New Delhi, Friday, August 24, 2018: Mr. Sanjay Jain, Chairman, Confederation of Indian Textile Industries (CITI) exuded confidence that the worst is over for the Textile & Clothing Industry and it’s finally on the verge of a turnaround. He stated that Indian textile sector is the largest industrial employment provider, employing more than 10 crores people directly and indirectly and a major industry for the economic growth of the country.
Mr. Jain pointed out that with continuous support from the Government with a slew of measures on all fronts there has been increase in exports of textiles and apparel from India. As per the quick estimates data by DGCI&S, the exports of textiles and apparel has increased by 11% in July 2018 over the same period last year as indicated in the table below:
India’s Textiles & Apparel Exports (Values in Rs crores)
|Cotton Yarn/Fabric./made-ups, Handloom Products etc.||5,114||6,284||23%|
|Man-made Yarn/Fabrics./made-ups etc.||2,451||2,585||5%|
|Jute Mfg. including Floor Covering||184||199||8%|
|Handicrafts excl. handmade carpet||1,002||1,036||3%|
|Textile and Apparel||17,692||19,636||11%|
Data Source: DGCI&S
Mr. Sanjay Jain also stated that overall growth in exports during Apr-July 2018 has been 3% vis-à-vis same period last year. Further, the MMF segment, which is expected to be the growth driver of the Industry in the coming years has seen increase in production. Growth has been observed in production of man-made fibre, spun yarn and fabric during April to June 2018 as indicated in the table below:
Production of man-made fibre, spun yarn and fabric
|Particulars||Unit||Apr 17-Jun17||Apr 18-Jun18||% Change|
|Manmade fibre||Million kg||319||335||5%|
|Spun Yarn||Million kg||1,419||1,435||1.1%|
|Fabric||Million sq. mtr||16,771||17,184||2.5%|
Data Source: Office of Textile Commissioner
Mr. Sanjay Jain pointed out that this year, the imports growth has come down significantly. While the imports of T&C has increased from US$ 1.78 bn in April-June 2017 to US$ 1.87 bn in the same period this year, an increase of 5%, it is significantly lower than the growth of 16% last year. The measures taken by the Government to increase the import duty on various textile and apparel items will help in further reducing the imports in coming months.
Mr. Jain also highlighted that as per RBI Financial Stability Report- June 2018, the stressed advance ratio of textile subsector has also improved from 23.7% in September 2017 to 22.3% in March 2018, indicating signs of recovery.
Mr. Jain said that a strong turnaround in Textiles & Clothing Sector is expected due to:
- Scheme for Capacity Building in Textile Sector (SCBTS) named ‘SAMARTH’ of Ministry of Textiles with a huge outlay of Rs 1,300 crores along with other parallel skilling programs by the Government will go in a big way to reduce the skill gap of the industry and more specifically provide a value added employment opportunity to rural women.
- Devaluation of rupee by 9% in the last few months, making the industry competitive globally and imports dearer.

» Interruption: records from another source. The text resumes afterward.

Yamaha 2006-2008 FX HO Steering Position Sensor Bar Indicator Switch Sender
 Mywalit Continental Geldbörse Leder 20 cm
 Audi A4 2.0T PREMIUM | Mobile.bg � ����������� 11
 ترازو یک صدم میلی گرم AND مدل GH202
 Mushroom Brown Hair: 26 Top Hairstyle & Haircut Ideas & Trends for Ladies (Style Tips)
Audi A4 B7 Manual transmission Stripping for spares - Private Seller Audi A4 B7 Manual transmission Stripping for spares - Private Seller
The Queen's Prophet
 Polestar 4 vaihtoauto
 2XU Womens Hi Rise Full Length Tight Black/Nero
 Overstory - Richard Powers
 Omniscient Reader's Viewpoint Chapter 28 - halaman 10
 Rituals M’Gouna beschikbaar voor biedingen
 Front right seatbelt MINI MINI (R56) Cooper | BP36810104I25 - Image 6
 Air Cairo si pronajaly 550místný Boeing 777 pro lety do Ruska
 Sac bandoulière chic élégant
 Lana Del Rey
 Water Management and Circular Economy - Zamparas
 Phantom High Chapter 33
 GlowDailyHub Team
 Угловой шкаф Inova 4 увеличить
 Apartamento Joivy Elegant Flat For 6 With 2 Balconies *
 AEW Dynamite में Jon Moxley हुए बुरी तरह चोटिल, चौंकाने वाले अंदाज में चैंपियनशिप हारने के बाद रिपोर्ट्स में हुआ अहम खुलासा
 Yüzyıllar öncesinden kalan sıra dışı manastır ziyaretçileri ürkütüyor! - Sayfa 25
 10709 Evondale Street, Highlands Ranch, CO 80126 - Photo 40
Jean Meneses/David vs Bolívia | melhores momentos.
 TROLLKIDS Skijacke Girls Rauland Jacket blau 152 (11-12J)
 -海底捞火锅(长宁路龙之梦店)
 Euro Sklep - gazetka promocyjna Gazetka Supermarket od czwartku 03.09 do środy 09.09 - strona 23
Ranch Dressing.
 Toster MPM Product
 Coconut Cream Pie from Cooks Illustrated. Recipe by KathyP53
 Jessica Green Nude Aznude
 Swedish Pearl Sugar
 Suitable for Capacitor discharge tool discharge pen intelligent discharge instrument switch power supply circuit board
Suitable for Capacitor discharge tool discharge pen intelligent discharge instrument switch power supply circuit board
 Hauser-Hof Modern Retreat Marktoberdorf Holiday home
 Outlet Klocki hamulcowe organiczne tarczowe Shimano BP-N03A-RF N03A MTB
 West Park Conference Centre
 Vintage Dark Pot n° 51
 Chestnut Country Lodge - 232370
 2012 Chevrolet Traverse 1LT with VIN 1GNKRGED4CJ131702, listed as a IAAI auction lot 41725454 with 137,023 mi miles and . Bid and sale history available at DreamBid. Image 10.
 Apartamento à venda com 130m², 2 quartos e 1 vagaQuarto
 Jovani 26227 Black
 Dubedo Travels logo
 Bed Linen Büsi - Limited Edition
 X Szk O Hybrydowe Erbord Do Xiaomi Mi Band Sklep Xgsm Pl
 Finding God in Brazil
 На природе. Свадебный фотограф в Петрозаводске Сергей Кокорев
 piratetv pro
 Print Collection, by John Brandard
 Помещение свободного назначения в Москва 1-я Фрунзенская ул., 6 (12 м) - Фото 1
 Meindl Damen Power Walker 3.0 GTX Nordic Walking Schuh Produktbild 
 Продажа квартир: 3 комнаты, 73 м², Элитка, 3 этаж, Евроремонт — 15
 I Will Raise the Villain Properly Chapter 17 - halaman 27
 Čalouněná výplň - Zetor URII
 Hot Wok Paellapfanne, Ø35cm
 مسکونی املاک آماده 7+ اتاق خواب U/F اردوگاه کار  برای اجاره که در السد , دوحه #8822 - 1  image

- Import duty on about 400 items being enhanced, providing relief to the Industry which was post GST hit by huge imports due to import barriers reducing significantly
- Two important GST decisions in last 3 months which has allowed refund of excess ITC to the processing and fabric industry – this has reduced the cost of fabric by 3-4% especially MMF fabric.
- Relief to the SME manufacturers (industry is largely populated by SME) by easing the GST Returns procedure and other GST Reforms
- Accelerating the refund of GST dues to the industry, which has eased working capital pressures on the industry.
- Domestic demand picking up due to settling down of GST systems, rural demand picking up due to MSP increase and good monsoons.
Mr. Sanjay Jain would like to thank Hon’ble Union Minister of Textiles, Smt Smriti Zubin Irani for her continuous support to the textile and clothing industry in addressing industry’s plea and resolving various issues. He would also like to thank Hon’ble Prime Minister, Hon’ble Union Minister of Finance and all the concerned policy makers and tax administrators including GST Council for successful implementation of GST and addressing various GST related issues.
Mr. Jain also stated that maintenance of a competitive exchange rate is an essential prerequisite in labour intensive manufacturing in mature industries like textiles. The currency management by the Government has benefited the exports and is discouraging imports.
Mr. Jain said that continuous support from the Government is expected to put the industry back on track and we anticipate the textile and apparel exports to grow by 7% while imports to stay flat in this 2018-19.